In the runup to the start of the trial, the Trump campaign has been fundraising off his legal troubles, warning in a text message to supporters on Saturday that “in 48 hours, AMERICA WILL CEASE TO EXIST.”
While in Scranton, Biden will revive a major economic argument of the 2020 campaign — that he is focused on the needs of Americans like those in Scranton while Trump is trying to deliver for those who can afford to live on Park Avenue in Manhattan. During a town-hall style event near Scranton in the closing weeks of the 2020 campaign, Biden argued that “guys like Trump, who inherited everything and squandered what they inherited are the people I’ve always had a problem with.”
On Tuesday he’ll highlight measures in his 2025 budget proposal that the White House says would benefit the middle class, such as raising taxes on billionaires, according to the Biden aides.

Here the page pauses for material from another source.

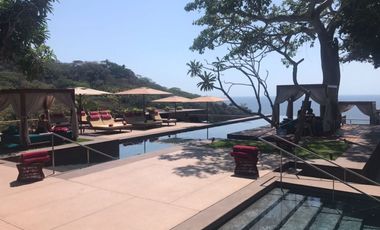 Villa en venta en Nayarit | MAND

To underscore his point, the Biden aides said he is expected to again highlight Trump’s telling donors at a recent private dinner that he’ll keep their taxes low.
The president will deliver different versions of that message during his other stops in what he and his campaign see as potentially the lynchpin state in the 2024 election. Pennsylvania, as well as Wisconsin and Michigan — Democrats’ so-called blue wall — helped put Biden over the 270-electoral vote threshold four years ago.
“It’s all about the blue wall,” a Biden campaign official said. “If we can’t win those states, we lose.”
After Tuesday’s event in Scranton, Biden will hold an official White House event focused on manufacturing in the Pittsburgh area, which the president has long seen as the home base for his union-focused economic policy. He’ll end the week with a campaign event in the Philadelphia area, a place that has often been where he focuses on what he believes is at stake for American democracy in November.